Discrete probability distribution

In summary: F(x)." The actual median is not always the same as the "line y = 1/2 cuts the graph y = F(x)" because sometimes x is closer to the "line y = 1/2" than other times.
  • #1
toothpaste666
516
20

Homework Statement


1. Consider selecting at random a student who is among the 15,000 registered for the current semester at a school Let X be the number of courses for which the selected student is registered and suppose that X has probability distribution

x: 1 2 3 4 5 6
f(x): .01 .03 .13 .25 .39 .19

(a) Find the cdf of X.

(b) Find the expected number of courses taken by a student in this semester.

(c) Find the standard deviation of X.

(d) Find the median of this distribution.

The Attempt at a Solution


a)This part I am confused of what they want, since X is not specified. It seems like they already provided me with the cdf

b) this is the summation of the xf(x) 's
(1)(.01) + 2(.03) + 3(.13) + 4(.25) + 5(.39) + 6(.19) = 4.55

c) the variance is the sum of the (x-μ)^2f(x) 's
(1-4.55)^2(.01) + (2-4.55)^2(.03) + (3-4.55)^2(.13) + (4-4.55)^2(.25) + (5-4.55)^2(.39) + (6-4.55)^2(.19)
= 1.1875
and the standard deviation is the square root of that
= 1.09

d) put them in order
.01 .03 .13 .19 .25 .39

the median is (.13 + .19)/2 = .16

unless I am trying to find the median number of courses taken?
in that case
1 2 3 6 4 5
(3+6)/2 = 9/2 = 4.5 courses

I am not that confident I did this right because I didn't use the number of registered students they gave me and I don't think I understood part a)
 
Physics news on Phys.org
  • #2
toothpaste666 said:

Homework Statement


1. Consider selecting at random a student who is among the 15,000 registered for the current semester at a school Let X be the number of courses for which the selected student is registered and suppose that X has probability distribution

x: 1 2 3 4 5 6
f(x): .01 .03 .13 .25 .39 .19

(a) Find the cdf of X.

(b) Find the expected number of courses taken by a student in this semester.

(c) Find the standard deviation of X.

(d) Find the median of this distribution.

The Attempt at a Solution


a)This part I am confused of what they want, since X is not specified.
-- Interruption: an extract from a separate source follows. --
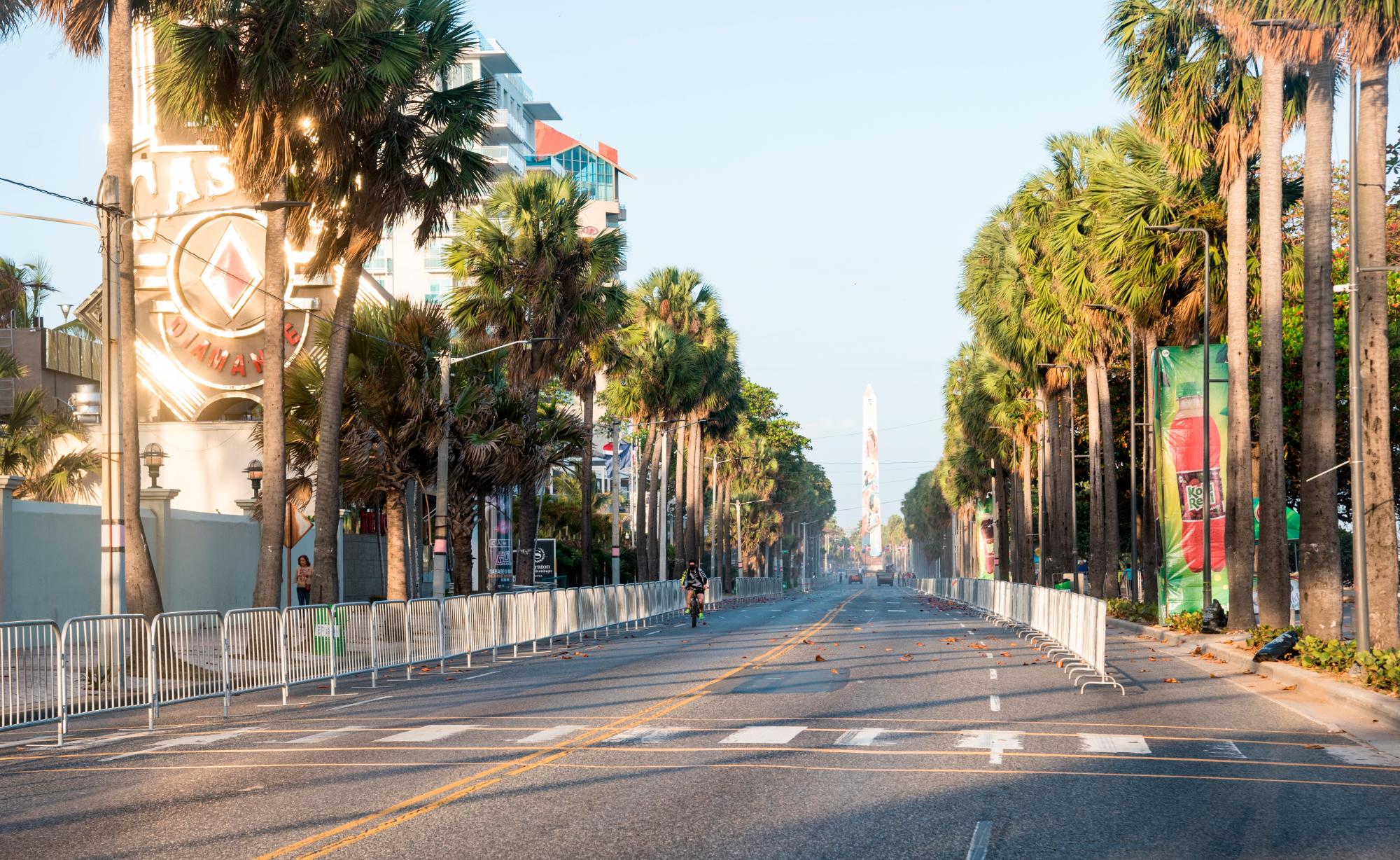 Desde el sábado fue cerrada la avenida George Washington para decoración y instalación de otras tarimas.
It seems like they already provided me with the cdf

b) this is the summation of the xf(x) 's
(1)(.01) + 2(.03) + 3(.13) + 4(.25) + 5(.39) + 6(.19) = 4.55

c) the variance is the sum of the (x-μ)^2f(x) 's
(1-4.55)^2(.01) + (2-4.55)^2(.03) + (3-4.55)^2(.13) + (4-4.55)^2(.25) + (5-4.55)^2(.39) + (6-4.55)^2(.19)
= 1.1875
and the standard deviation is the square root of that
= 1.09

d) put them in order
.01 .03 .13 .19 .25 .39

the median is (.13 + .19)/2 = .16

unless I am trying to find the median number of courses taken?
in that case
1 2 3 6 4 5
(3+6)/2 = 9/2 = 4.5 courses

I am not that confident I did this right because I didn't use the number of registered students they gave me and I don't think I understood part a)

In (a): of course X is specified. You wrote "Let X be the number of courses for which the selected student is registered and suppose that X has probability distribution..."

I suppose you may be a bit confused about who the "selected student" is, and how his/her course probability distribution is obtained. Basically, the problem is just specifying that 1% of the students take exactly 1 course, that 3% take exactly two courses, etc. And, of course, if you actually look at student John Smith he will be taking some specific number of course, either 1 or 2 or 3 or 4 or 5 or 6, with no probabilities involved anywhere. However, prior to the selection, you will not know the actual number that is going to occur, only the chances of the various numbers. Is that what was throwing you off?

Just to be accurate: the standard deviation is not 1.09; it is approximately 1.089724736, which is, in turn approximately 1.09. Saying "approximate" instead of "equals" will not hurt you, and it makes clear that you understand the difference.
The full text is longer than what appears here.